STORED DATA:

==========

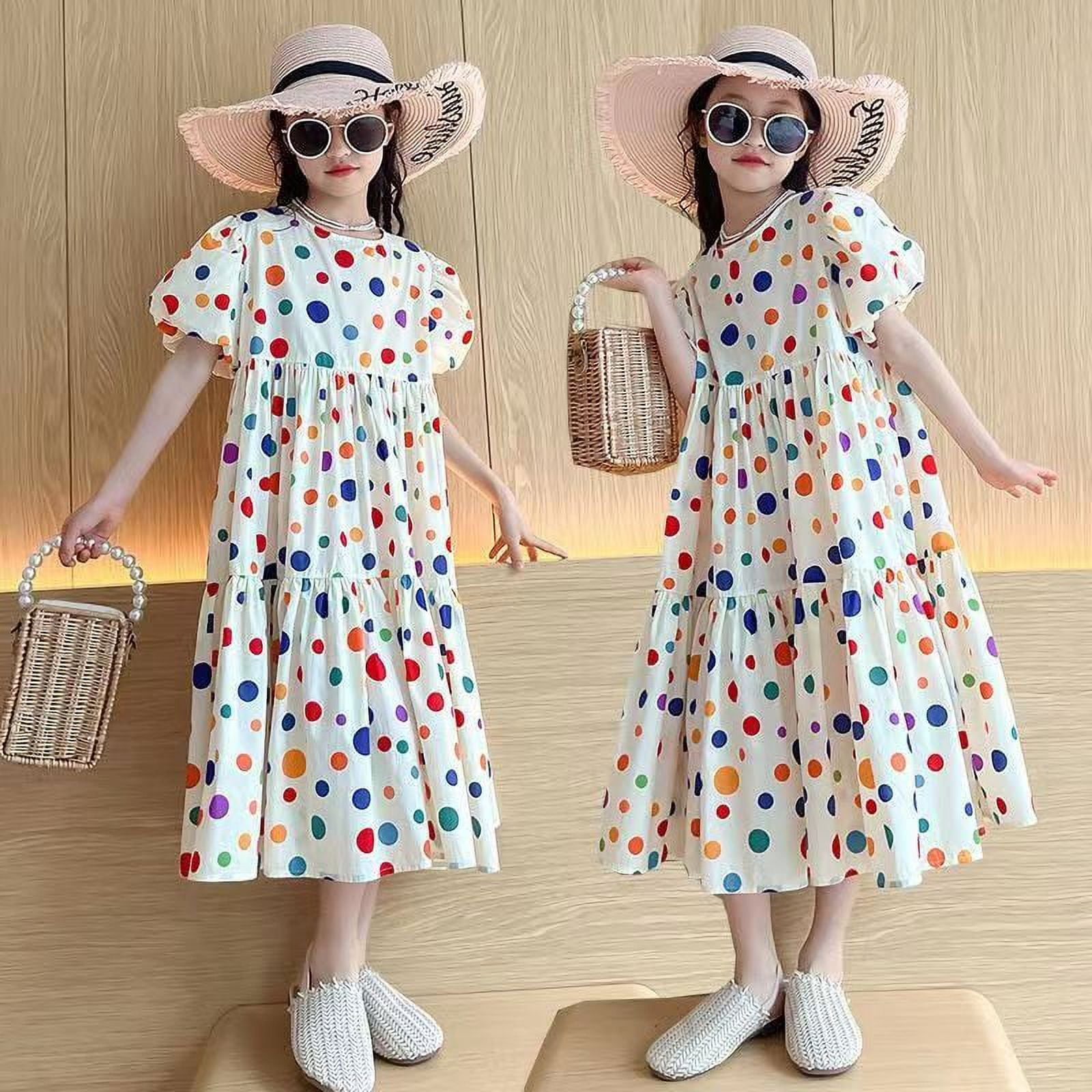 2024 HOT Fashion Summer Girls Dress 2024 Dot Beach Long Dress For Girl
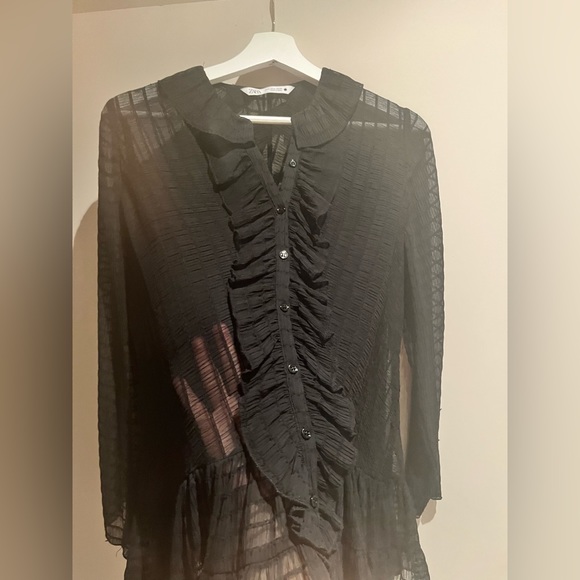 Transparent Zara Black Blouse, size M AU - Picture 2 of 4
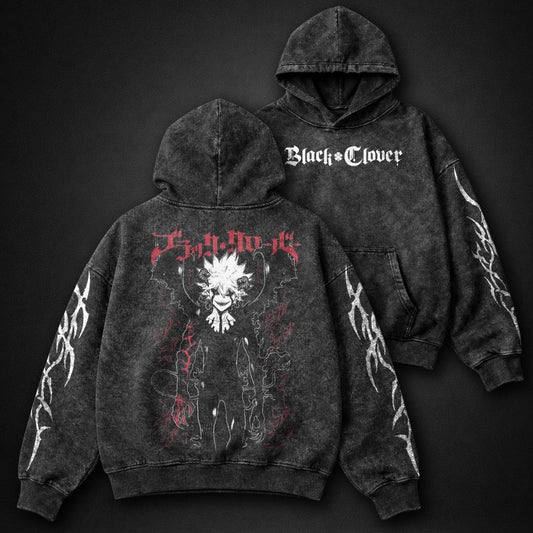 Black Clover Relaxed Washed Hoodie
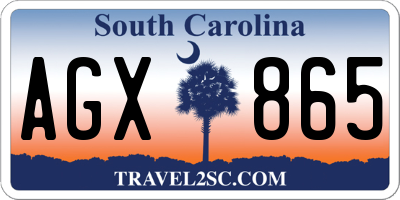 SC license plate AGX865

==========

PROBLEM DESCRIPTION:
In the copy, include no pictures; restate the listing above exactly.

EXERCISE ANSWER:
 2024 HOT Fashion Summer Girls Dress 2024 Dot Beach Long Dress For Girl
 Transparent Zara Black Blouse, size M AU - Picture 2 of 4
 Black Clover Relaxed Washed Hoodie
 SC license plate AGX865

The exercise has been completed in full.